Now a new survey of 204 corporate board members finds that almost half (47%) of corporate directors surveyed are dissatisfied with their boards’ ability to provide information technology (IT) risk oversight. A recent survey from Oliver Wyman and the National Association of Corporate Directors (NACD) finds that, while virtually all board members acknowledge that IT will have a significant business impact on the companies they govern over the next five years, more than half, 51%, say they are not given enough information to perform their oversight duties effectively.

Not knowing enough about IT is a huge knowledge gap for the directors responsible for steering companies through today’s hyper-competitive global economy. Companies rely on information technology to squeeze
costs, streamline processes, leapfrog competitors, and even transform the business.

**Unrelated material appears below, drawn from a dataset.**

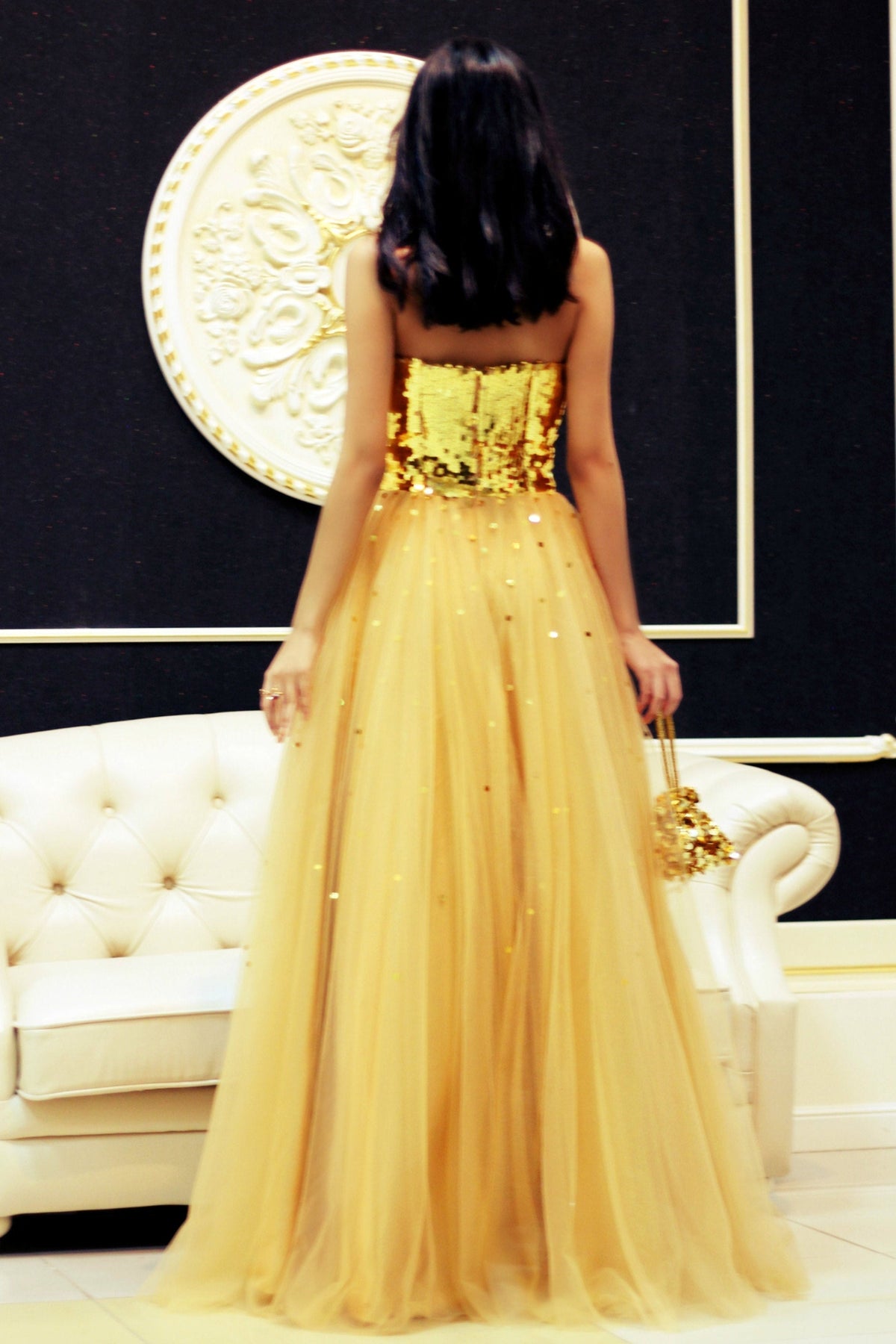 A-Line Sweetheart Floor-Length Tulle Paillette Prom Dress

An interesting article talking about risk management, I wonder how much of this is about lack of effective investment and transparency both in operational issues and IT spend? How much as a percentage of the IT spend is as a result of keeping the lights on, and can we attribute those costs to a range of specific applications or services, or even one range of systems?

Linked to this though is understanding both IT costs, understanding how to play the IT game and explaining the corporate attitude to risk, and translating that into policy, on a simple level if the pc breaks do we fix it or replace it, if our 8 year old server breaks what is the policy a time and parts spend with the vendor? We need projects not only to be upgrading and renewing hardware, operating systems and middleware applications, but also to be analyzing infrastructure identifying savings and looking at what is being missed. Even simple things like going around the data centers and identifying the older kit, the systems switched off and getting them unracked can give the data center teams space to renew the data center, move things around to re-balance air flow and power distribution.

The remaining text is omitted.